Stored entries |
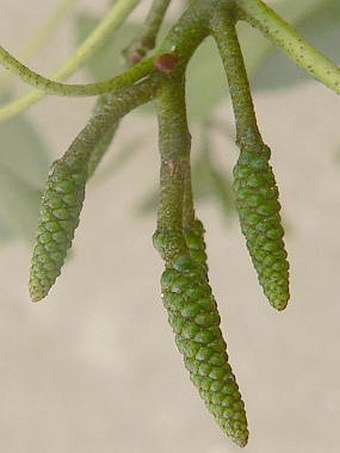 Alnus cordata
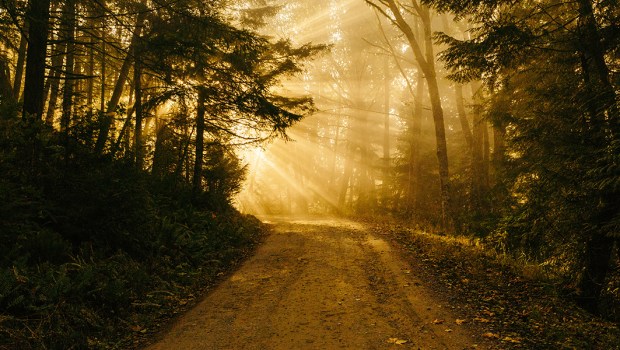 LIGHT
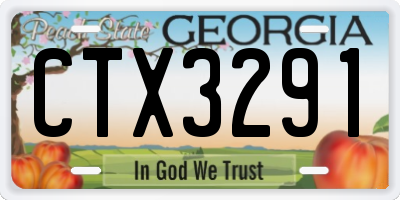 GA license plate CTX3291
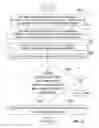 Fig. 19 - Caller ID Messaging Telecommunications Services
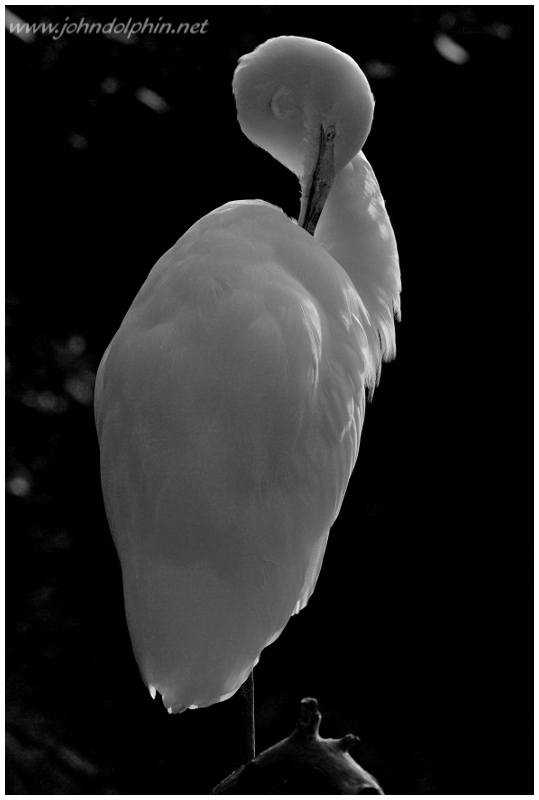 Great white egret preening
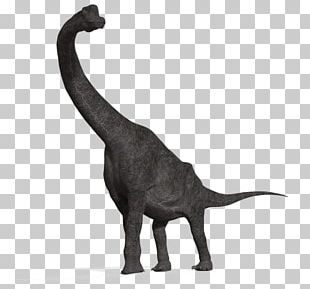 Apatosaurus Diplodocus Brachiosaurus Dinosaur Tyrannosaurus PNG ...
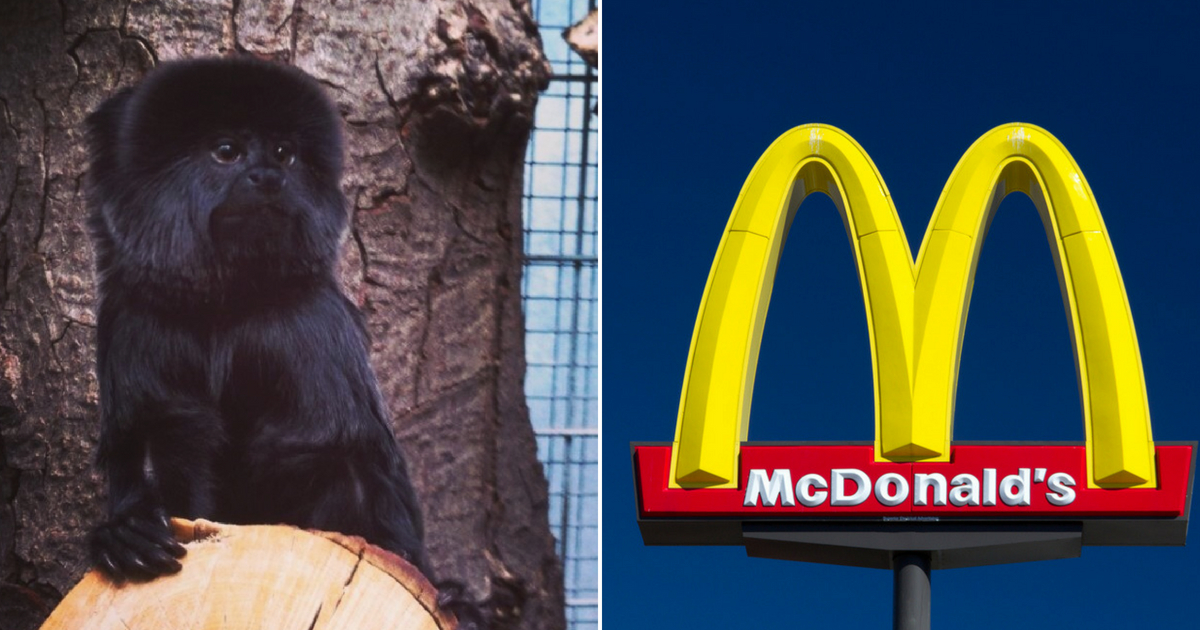 Little monkey next to a McDonald's sign.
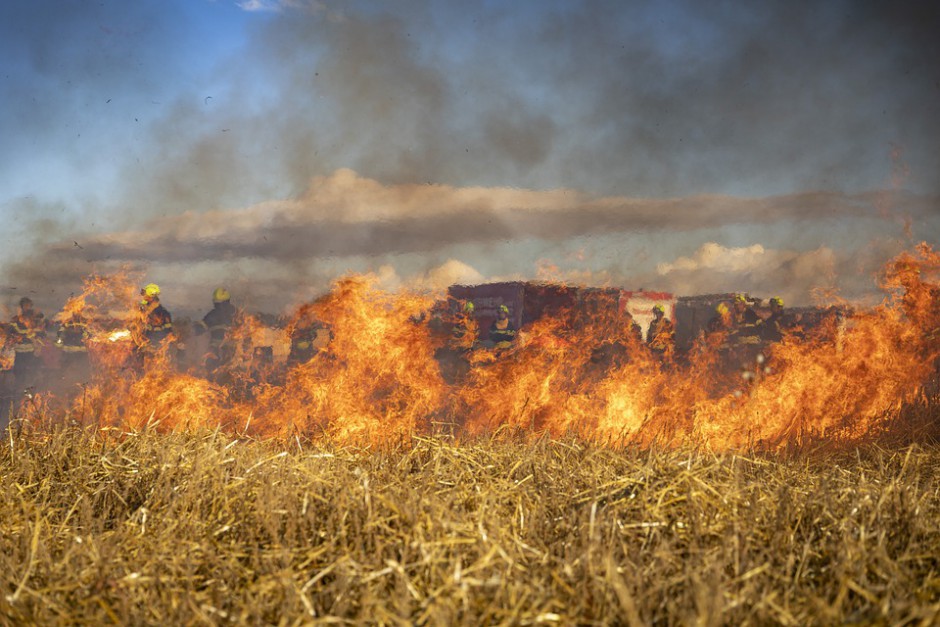 Pożar w gminie Brody. Płonie 10 hektarów gruntów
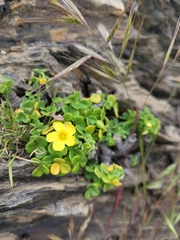 Oxalis megalorrhiza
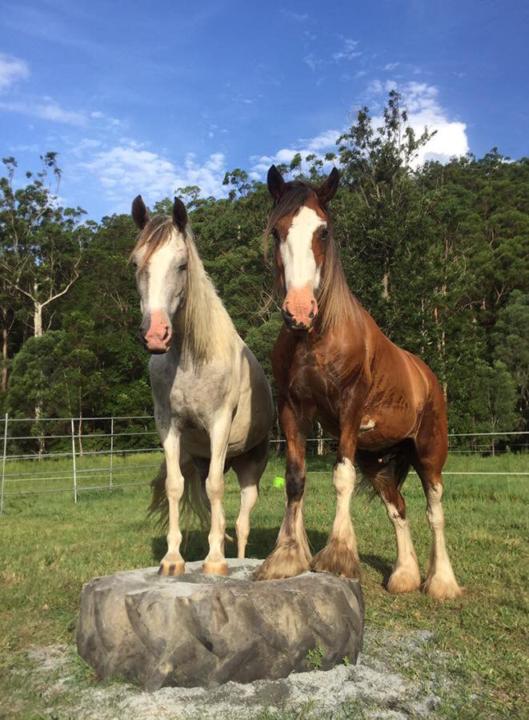 Passion with a capitol P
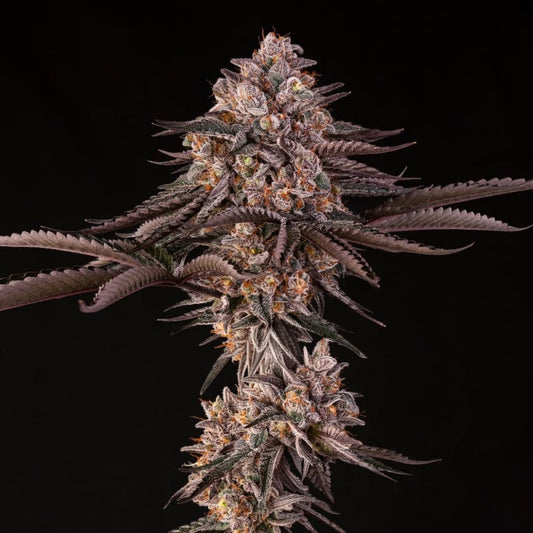 Jamaican Sunset — Julian Marley × Silent Seeds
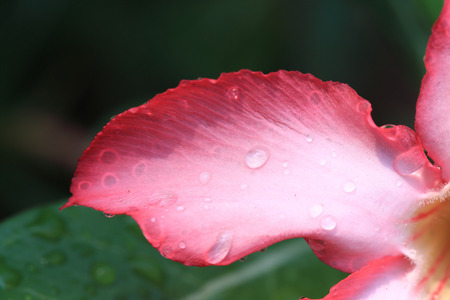 pink flowers with water drops on petal, desert rose flowersの写真素材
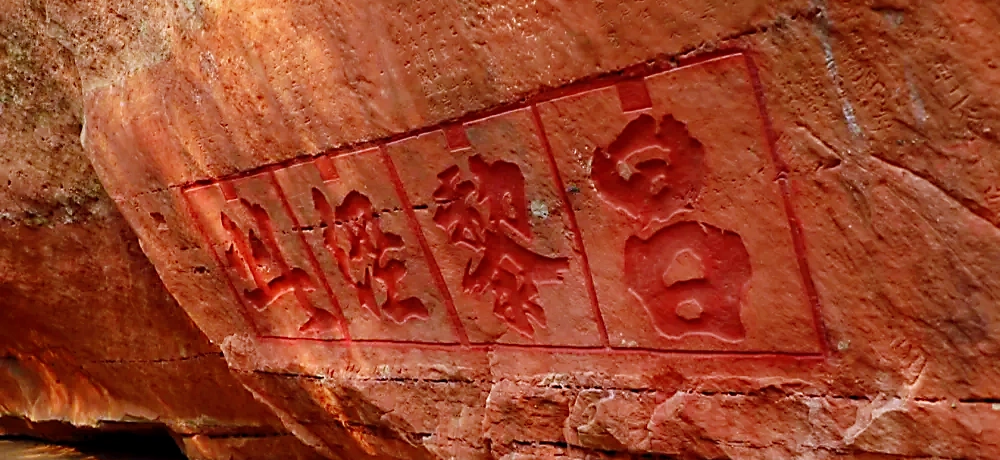 图片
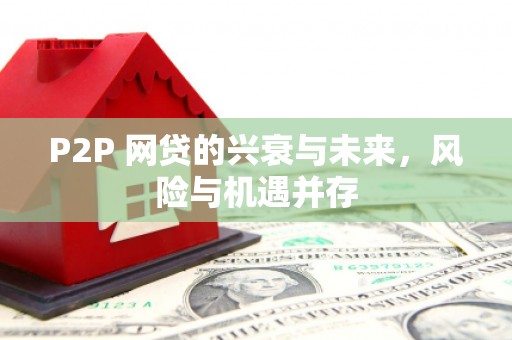 灵山P2P 网贷的兴衰与未来，风险与机遇并存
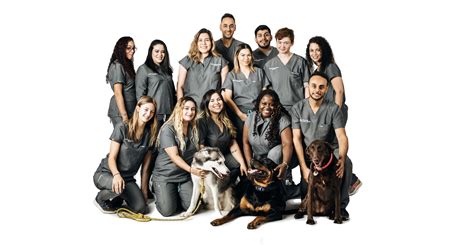 Bushwick veterinary center - Licensed Veterinary Technician. Bushwick Veterinary Center. New York, NY. $18 Hourly. Paid Time Off , Retirement. Full-Time. Job Description. About us: Bushwick Veterinary Center is dedicated to creating a culture that prioritizes our team members’ mental health and provides a happy environment full of growth and development. 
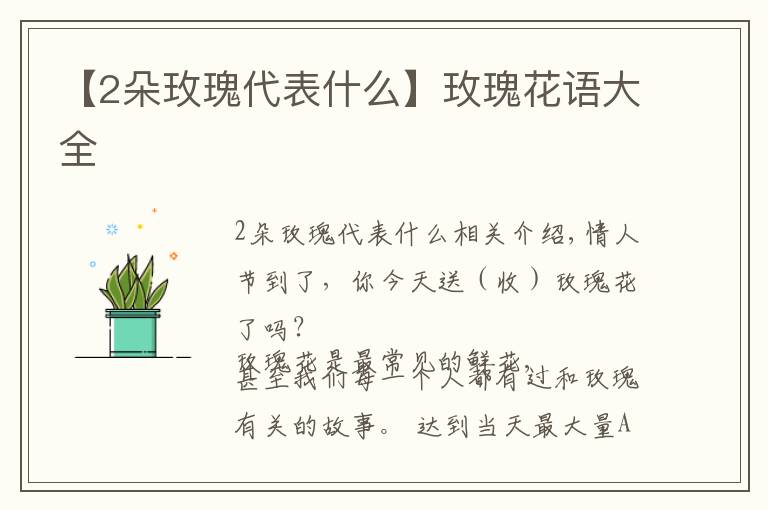 【2朵玫瑰代表什么】玫瑰花语大全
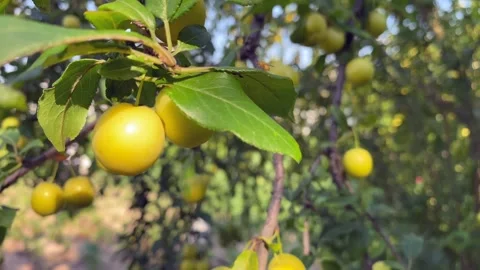 A plum on a tree, a yellow plum. Young fruit trees. Sunny day. Vídeos de archivo 244158989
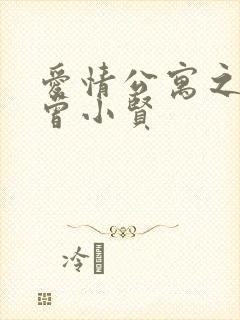 爱情公寓之极品曾小贤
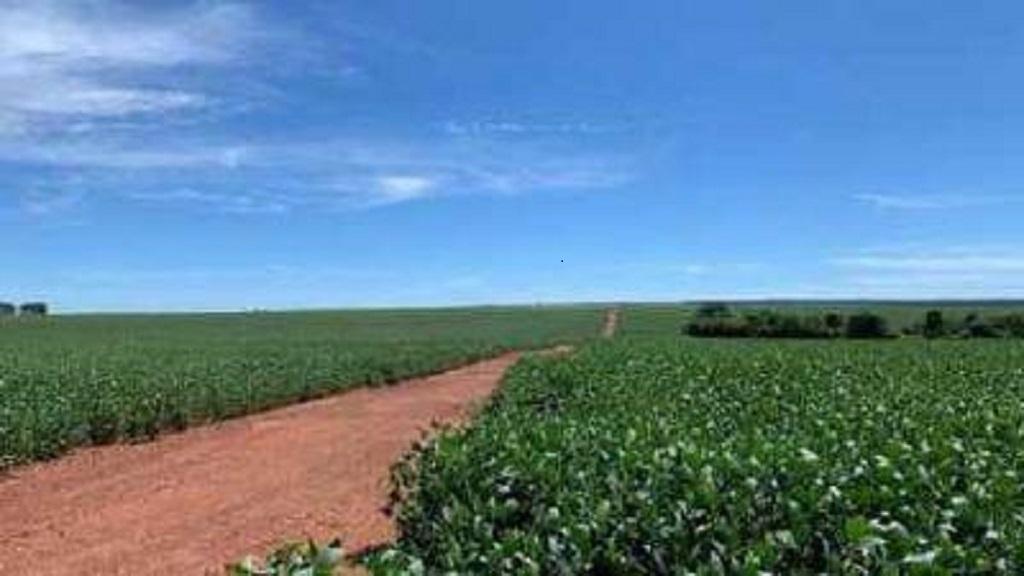 Mato Grosso | Sesp promove leilão de fazenda e imóveis apreendidos em ações de combate ao crime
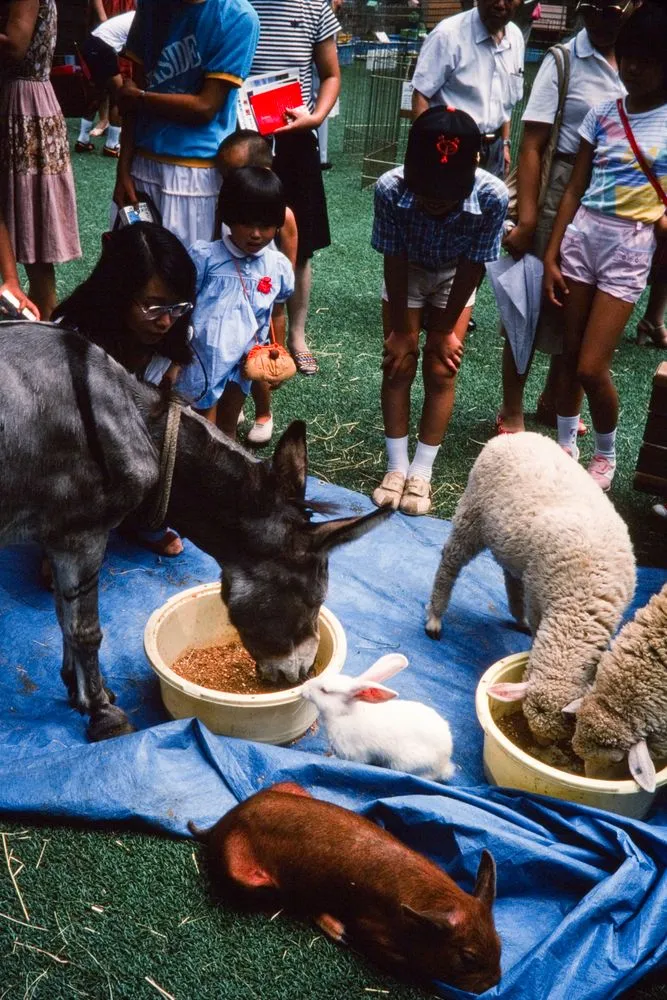 Japan Series: Sunshine City Tower Animal Garden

Task directions |
Print exactly the lines from the line with "灵山P2P 网贷的兴衰与未来，风险与机遇并存" through the end of the data, both ends included, and print no pictures.

Exercise solution |
 灵山P2P 网贷的兴衰与未来，风险与机遇并存
 Bushwick veterinary center - Licensed Veterinary Technician. Bushwick Veterinary Center. New York, NY. $18 Hourly. Paid Time Off , Retirement. Full-Time. Job Description. About us: Bushwick Veterinary Center is dedicated to creating a culture that prioritizes our team members’ mental health and provides a happy environment full of growth and development. 
 【2朵玫瑰代表什么】玫瑰花语大全
 A plum on a tree, a yellow plum. Young fruit trees. Sunny day. Vídeos de archivo 244158989
 爱情公寓之极品曾小贤
 Mato Grosso | Sesp promove leilão de fazenda e imóveis apreendidos em ações de combate ao crime
 Japan Series: Sunshine City Tower Animal Garden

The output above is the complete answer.